◎ 普顯宏 (彝族)
艾蕪是云南人民的老朋友,艾蕪愛云南,云南愛艾蕪;艾蕪既是四川人民的驕傲,也是我們云南人民的驕傲。我參加成都艾蕪研究學會三年多來,梳理出了兩篇艾蕪第二次南行的長文和繪制了一張艾蕪南行的路線圖,知道艾蕪三次南行的詳情經過,更加懂得中國文壇上不朽的艾蕪精神。
艾蕪一生三次南行,第一次是1925年,從成都流浪到滇西德宏,后來又漂泊到緬甸、馬來西亞和新加坡等地,歷時7年,有小說集 《南行記》問世。第二次南行是在1961年9月,也就是在第一次 “南行”后的34年,同行的有老作家沙丁、劉真、林斤瀾等,歷時6個月,出版了 《南行記續篇》。第三次南行是在1981年2月下旬,在第二次南行20年后,77歲高齡的艾蕪應云南人民出版社的邀請。這一次與他同行的有老作家高纓、馮永祺等人,又寫了 《南行記新篇》。

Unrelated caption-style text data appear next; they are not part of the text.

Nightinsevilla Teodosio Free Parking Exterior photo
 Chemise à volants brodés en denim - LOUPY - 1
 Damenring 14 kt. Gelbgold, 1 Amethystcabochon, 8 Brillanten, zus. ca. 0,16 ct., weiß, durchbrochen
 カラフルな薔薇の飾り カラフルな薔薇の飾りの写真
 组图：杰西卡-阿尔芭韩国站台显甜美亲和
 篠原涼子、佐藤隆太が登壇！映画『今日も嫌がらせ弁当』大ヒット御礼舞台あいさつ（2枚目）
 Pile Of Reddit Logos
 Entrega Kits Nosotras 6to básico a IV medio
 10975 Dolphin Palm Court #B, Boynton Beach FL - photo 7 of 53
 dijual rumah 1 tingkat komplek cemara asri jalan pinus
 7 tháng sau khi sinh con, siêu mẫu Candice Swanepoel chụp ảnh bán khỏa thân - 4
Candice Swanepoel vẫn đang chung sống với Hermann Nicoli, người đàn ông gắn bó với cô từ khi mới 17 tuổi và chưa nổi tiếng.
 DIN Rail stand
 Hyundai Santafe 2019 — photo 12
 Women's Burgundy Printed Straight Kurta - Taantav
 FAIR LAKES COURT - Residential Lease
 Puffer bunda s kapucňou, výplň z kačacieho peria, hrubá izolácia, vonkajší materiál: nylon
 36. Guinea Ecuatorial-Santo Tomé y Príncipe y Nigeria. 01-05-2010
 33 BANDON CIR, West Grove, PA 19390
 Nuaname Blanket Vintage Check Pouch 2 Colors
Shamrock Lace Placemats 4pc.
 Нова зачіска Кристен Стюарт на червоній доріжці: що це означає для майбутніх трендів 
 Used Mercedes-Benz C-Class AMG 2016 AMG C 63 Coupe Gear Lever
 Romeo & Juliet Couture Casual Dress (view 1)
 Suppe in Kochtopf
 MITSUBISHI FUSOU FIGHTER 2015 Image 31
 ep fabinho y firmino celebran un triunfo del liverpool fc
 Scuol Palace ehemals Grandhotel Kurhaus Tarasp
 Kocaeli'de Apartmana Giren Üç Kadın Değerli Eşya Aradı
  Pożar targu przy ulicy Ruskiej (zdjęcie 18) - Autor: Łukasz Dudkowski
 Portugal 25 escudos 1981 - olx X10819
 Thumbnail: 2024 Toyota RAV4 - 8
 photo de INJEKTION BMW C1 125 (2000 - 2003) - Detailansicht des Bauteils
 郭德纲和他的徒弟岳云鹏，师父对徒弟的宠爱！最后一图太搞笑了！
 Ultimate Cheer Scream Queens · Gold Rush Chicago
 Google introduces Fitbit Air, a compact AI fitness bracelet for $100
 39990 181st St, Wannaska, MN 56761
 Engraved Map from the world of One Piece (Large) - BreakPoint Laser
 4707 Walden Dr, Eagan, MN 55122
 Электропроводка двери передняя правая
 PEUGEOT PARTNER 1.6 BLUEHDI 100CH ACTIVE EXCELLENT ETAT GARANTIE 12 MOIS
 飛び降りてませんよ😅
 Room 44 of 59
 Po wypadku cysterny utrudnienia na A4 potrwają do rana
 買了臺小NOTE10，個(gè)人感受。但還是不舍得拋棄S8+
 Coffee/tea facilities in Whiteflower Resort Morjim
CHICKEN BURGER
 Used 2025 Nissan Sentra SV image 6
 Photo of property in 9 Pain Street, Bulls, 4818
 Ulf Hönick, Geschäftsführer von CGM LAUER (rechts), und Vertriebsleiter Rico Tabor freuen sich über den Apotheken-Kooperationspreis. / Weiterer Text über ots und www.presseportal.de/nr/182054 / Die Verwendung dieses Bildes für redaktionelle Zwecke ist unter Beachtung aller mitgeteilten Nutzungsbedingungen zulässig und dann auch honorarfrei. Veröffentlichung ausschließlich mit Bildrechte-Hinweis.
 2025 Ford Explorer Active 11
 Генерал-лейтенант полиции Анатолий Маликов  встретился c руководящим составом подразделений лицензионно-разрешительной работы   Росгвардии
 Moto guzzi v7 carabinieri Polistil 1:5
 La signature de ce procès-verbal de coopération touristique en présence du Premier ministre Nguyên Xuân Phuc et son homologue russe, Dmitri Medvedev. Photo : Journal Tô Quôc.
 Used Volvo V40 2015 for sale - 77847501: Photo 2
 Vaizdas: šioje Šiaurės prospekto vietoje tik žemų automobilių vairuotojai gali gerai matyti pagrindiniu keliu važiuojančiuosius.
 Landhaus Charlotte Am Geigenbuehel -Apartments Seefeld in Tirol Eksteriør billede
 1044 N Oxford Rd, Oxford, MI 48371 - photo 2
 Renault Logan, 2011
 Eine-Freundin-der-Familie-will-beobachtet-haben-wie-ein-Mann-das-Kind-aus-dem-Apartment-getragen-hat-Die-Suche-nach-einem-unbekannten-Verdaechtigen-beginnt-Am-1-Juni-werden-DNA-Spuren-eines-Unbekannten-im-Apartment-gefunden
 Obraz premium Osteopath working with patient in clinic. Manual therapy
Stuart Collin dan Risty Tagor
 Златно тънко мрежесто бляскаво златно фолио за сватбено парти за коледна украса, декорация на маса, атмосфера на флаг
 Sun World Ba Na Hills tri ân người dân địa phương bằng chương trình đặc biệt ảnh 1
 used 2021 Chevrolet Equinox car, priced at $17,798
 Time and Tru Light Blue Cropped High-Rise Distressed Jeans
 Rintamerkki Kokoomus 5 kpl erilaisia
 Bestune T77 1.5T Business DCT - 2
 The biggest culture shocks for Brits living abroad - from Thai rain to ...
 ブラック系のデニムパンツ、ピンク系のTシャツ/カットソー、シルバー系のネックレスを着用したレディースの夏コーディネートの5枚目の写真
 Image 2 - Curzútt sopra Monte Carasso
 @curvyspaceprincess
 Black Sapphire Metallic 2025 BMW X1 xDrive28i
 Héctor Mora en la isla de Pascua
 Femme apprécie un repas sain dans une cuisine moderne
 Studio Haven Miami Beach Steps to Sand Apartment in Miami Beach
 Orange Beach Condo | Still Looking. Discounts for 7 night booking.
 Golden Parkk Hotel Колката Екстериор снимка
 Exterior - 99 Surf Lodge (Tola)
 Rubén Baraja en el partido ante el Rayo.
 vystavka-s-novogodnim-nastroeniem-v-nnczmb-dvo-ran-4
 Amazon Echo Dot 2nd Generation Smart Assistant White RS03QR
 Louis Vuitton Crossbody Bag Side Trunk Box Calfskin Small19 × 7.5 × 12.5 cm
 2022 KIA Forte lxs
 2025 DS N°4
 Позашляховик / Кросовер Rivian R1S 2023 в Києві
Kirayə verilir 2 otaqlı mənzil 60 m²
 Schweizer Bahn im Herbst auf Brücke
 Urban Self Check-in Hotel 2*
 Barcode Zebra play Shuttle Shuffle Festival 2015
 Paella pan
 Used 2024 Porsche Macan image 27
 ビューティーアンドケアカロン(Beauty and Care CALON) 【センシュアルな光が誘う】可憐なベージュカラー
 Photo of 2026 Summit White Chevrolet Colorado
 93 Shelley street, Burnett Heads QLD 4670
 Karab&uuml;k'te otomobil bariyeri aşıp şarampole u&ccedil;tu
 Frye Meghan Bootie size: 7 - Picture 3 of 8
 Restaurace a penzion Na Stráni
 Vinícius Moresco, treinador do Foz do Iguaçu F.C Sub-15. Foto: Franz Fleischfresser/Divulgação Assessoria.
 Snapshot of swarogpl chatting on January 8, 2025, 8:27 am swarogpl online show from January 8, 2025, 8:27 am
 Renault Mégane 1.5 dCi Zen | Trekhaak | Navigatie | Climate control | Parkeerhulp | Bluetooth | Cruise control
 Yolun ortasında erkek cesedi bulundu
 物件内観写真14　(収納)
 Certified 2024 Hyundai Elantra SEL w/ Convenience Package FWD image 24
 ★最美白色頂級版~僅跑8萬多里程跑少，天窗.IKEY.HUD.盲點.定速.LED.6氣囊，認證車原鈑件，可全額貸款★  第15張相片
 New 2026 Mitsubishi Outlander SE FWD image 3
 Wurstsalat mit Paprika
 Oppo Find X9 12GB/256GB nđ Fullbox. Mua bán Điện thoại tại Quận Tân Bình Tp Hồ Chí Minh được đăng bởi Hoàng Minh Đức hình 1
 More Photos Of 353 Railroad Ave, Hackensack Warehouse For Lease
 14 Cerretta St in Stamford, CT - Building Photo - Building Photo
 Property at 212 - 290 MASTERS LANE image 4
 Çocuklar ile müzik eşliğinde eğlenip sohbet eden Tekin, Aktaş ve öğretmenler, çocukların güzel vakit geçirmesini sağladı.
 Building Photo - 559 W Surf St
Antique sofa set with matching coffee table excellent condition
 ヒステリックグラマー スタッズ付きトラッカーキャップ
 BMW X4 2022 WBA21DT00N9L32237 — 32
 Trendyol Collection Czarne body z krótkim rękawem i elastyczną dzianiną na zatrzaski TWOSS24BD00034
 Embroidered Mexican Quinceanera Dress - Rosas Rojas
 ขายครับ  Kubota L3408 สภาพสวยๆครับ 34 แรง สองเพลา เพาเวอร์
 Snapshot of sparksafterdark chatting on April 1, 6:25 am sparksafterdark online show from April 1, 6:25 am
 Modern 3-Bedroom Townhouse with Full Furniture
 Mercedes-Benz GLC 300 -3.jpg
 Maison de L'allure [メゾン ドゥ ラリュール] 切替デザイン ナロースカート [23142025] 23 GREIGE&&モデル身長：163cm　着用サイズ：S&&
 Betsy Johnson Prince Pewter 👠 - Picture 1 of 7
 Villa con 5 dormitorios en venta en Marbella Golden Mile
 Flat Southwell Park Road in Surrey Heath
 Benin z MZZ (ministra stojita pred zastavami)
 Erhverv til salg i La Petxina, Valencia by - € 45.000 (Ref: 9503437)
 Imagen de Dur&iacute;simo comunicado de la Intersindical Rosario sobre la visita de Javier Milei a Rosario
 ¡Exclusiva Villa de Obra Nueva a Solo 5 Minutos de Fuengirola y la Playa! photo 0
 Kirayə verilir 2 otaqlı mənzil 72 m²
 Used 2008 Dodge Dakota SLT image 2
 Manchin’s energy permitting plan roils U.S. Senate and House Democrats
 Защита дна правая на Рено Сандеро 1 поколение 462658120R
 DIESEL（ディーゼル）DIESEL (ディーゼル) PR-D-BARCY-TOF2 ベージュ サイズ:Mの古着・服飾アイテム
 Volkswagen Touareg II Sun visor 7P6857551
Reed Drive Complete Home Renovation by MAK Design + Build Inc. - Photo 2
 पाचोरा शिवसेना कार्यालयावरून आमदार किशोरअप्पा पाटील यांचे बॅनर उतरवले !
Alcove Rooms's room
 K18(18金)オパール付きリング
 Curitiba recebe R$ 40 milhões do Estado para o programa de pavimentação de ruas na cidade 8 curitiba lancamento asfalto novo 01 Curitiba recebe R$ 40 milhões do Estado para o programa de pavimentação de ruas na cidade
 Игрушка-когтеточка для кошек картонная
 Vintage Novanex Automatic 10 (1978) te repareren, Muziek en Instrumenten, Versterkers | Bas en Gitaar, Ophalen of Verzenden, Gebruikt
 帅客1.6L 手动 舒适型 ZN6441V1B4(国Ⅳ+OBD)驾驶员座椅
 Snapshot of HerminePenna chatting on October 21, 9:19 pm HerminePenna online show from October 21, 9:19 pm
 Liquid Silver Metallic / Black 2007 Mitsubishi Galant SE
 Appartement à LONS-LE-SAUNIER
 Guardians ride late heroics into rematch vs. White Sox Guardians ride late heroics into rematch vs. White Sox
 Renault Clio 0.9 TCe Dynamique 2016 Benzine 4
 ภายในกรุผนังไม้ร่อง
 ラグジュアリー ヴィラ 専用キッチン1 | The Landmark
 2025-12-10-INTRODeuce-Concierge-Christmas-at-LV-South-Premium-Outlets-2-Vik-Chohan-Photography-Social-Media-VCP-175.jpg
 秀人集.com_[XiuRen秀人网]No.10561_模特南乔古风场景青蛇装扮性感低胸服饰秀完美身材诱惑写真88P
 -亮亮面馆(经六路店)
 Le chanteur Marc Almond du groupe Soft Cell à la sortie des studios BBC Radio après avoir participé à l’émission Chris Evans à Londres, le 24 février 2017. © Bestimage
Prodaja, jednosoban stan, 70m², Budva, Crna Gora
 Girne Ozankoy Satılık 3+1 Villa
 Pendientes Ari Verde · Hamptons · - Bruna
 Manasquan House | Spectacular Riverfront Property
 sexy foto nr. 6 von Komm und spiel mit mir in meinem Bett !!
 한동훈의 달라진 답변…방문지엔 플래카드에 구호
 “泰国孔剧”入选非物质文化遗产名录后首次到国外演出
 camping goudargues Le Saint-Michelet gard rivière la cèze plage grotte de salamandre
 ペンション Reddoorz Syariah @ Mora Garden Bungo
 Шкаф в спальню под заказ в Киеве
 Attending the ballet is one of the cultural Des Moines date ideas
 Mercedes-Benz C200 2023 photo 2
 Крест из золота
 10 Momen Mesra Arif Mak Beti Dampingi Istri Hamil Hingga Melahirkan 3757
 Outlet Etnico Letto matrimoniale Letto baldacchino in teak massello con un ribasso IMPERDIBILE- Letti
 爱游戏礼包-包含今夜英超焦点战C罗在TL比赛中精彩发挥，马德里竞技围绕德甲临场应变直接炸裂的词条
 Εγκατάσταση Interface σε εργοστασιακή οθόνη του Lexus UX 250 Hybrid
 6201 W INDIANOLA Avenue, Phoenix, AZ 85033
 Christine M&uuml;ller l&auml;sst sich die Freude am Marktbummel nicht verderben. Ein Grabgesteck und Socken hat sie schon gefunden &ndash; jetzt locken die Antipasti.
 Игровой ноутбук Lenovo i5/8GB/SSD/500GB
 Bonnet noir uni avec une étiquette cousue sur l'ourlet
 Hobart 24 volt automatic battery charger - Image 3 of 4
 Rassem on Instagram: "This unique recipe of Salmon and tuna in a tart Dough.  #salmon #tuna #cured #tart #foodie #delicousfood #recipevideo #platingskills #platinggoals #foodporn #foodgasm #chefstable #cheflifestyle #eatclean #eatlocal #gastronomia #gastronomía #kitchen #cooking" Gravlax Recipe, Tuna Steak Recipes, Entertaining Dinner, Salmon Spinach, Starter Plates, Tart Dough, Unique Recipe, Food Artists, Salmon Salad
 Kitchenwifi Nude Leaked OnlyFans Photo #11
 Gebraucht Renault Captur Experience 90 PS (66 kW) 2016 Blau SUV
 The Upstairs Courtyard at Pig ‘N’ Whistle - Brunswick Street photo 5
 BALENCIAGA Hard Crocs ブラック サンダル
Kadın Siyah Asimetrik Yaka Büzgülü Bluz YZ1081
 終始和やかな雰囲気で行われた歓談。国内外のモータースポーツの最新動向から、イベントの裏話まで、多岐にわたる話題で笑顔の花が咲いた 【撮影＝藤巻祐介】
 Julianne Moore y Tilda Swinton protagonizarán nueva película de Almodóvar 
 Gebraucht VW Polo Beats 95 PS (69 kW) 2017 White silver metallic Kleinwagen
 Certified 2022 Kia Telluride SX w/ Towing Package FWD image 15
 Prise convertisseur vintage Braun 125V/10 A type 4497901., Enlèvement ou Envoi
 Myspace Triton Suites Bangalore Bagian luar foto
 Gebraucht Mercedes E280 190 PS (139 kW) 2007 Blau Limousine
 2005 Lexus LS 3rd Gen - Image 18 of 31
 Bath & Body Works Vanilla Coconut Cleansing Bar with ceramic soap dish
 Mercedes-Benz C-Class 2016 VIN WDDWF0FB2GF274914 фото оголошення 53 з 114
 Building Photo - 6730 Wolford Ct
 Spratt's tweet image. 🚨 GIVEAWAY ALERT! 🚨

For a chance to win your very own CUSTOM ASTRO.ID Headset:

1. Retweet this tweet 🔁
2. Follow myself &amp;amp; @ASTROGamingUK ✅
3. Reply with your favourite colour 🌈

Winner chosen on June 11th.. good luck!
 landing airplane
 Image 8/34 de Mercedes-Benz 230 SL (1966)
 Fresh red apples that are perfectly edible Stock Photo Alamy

艾蕪第一次南行時徒步經過了楚雄州的祿豐、楚雄、鎮南三縣;第二次南行時艾蕪因患肺結核不能顛簸來回都是坐飛機,從昆明直飛滇西保山,從地理上沒有經過我們楚雄州。第三次南行艾蕪從昆明坐汽車沿320國道途經祿豐縣在楚雄住宿、講課、開座談會,到牟定縣鳳屯公社秧田沖生產隊訪問。從滇西返回時在南華縣吃飯,住宿于楚雄。
艾蕪第一次南行時沒有寫日記,第二次南行留下了部分日記,第三次南行有完整的日記。我從出版的19卷《艾蕪全集》中查找,得到艾蕪第一次南行時與楚雄州有關的三個細節。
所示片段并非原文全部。